━━ LISTED ENTRIES

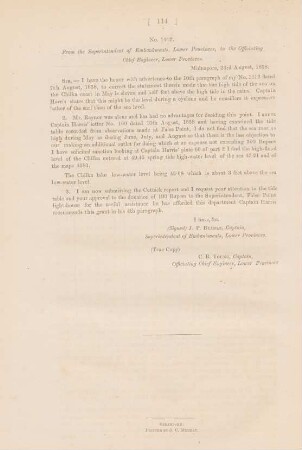 No. 1447. From the superintendent of embankments, lower provinces, to the officaiting chief engineer, lower provinces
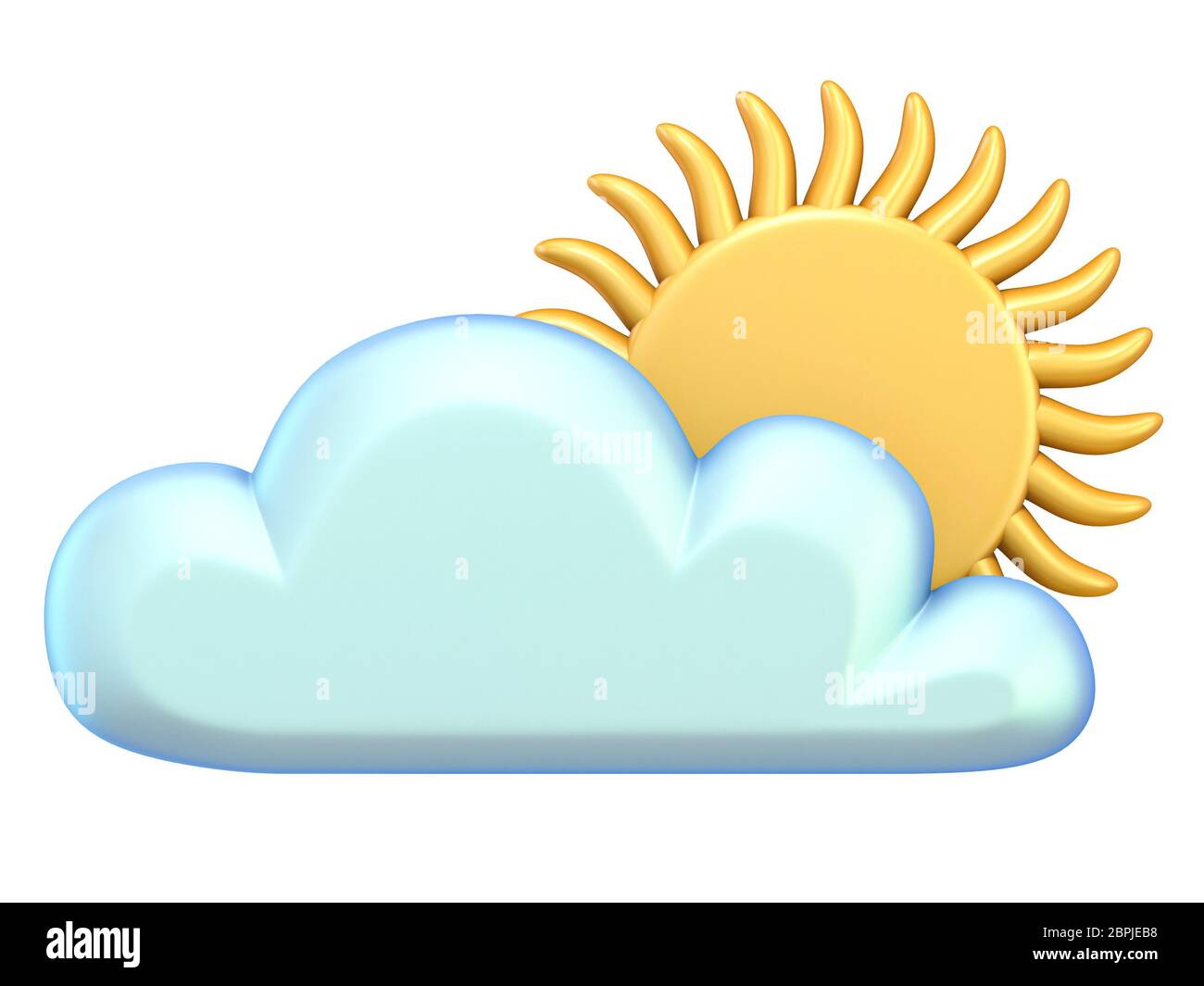 Weather icon SUN and CLOUD 3D render illustration isolated on white ...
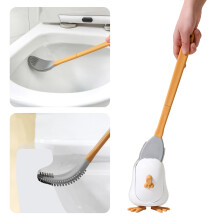 Escova de vaso sanitário SUSUchens com design de pintinho de desenho animado, suporte de parede, cabeça flexível, cabo longo, feita de silicone,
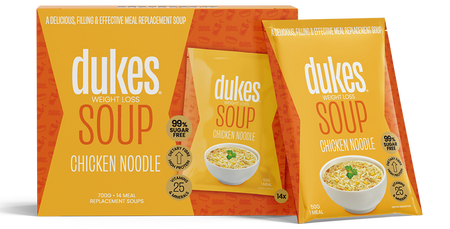 A 14 sachets box of Dukes Weight Loss Soup Chicken Noodle Flavour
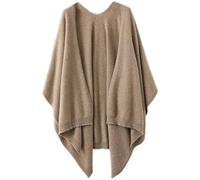 Ailaile Women's Shawl Wrap Plus Size Cardigan 100% Merino Wool Poncho Cape Fall Winter Open Sweater Coat, Dark Camel, One Size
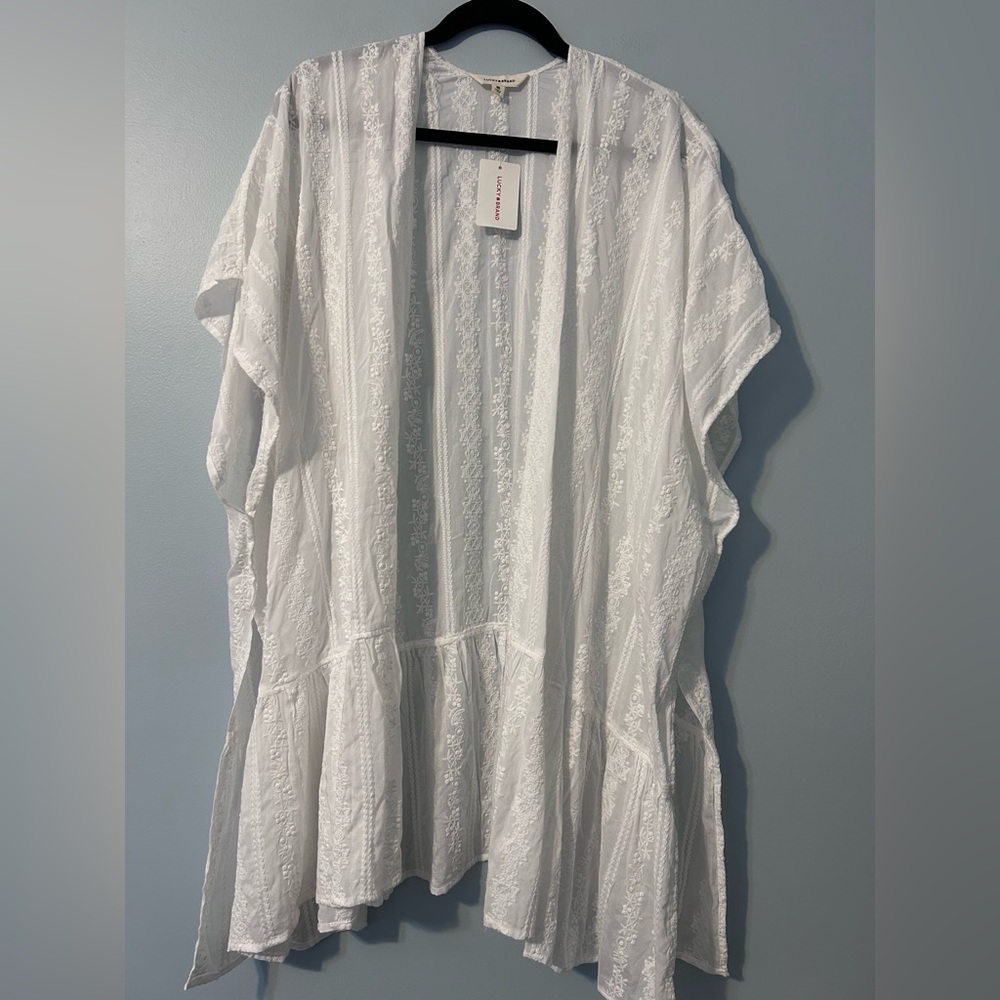 Lucky Brand one size white Cotton Kimono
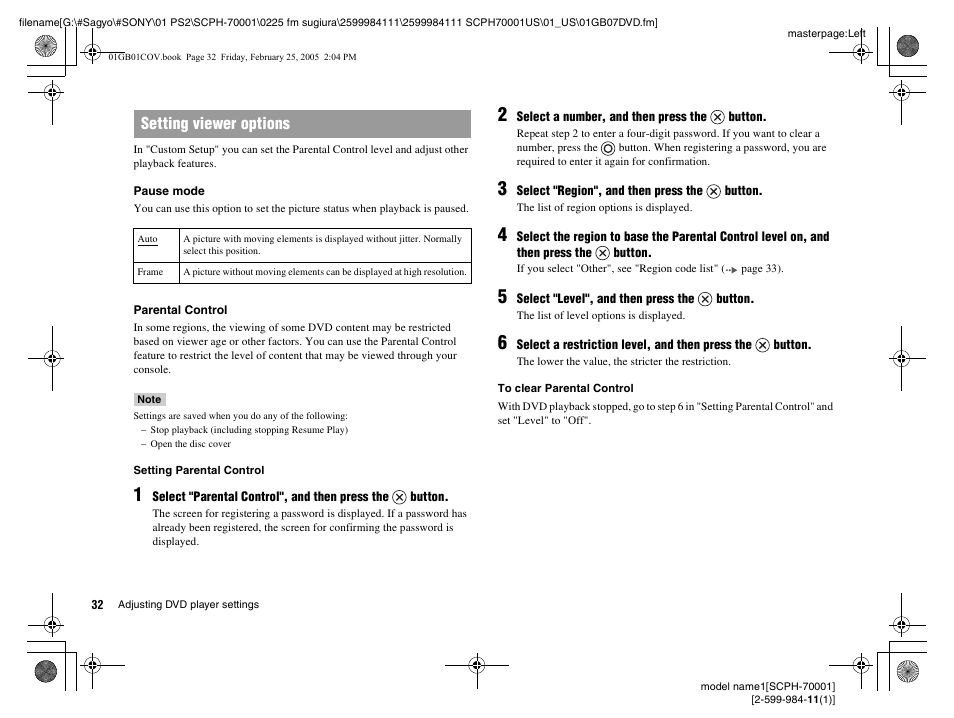 Setting viewer options | Sony NOT SCPH-70001 User Manual | Page 32 / 172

━━━━

• [PROBLEM TO SOLVE] From the line that contains "Ailaile Women's Shawl" to the last line of the records above, copy each line exactly, both ends included, and leave the pictures out.

• [RESULT]
 Ailaile Women's Shawl Wrap Plus Size Cardigan 100% Merino Wool Poncho Cape Fall Winter Open Sweater Coat, Dark Camel, One Size
 Lucky Brand one size white Cotton Kimono
 Setting viewer options | Sony NOT SCPH-70001 User Manual | Page 32 / 172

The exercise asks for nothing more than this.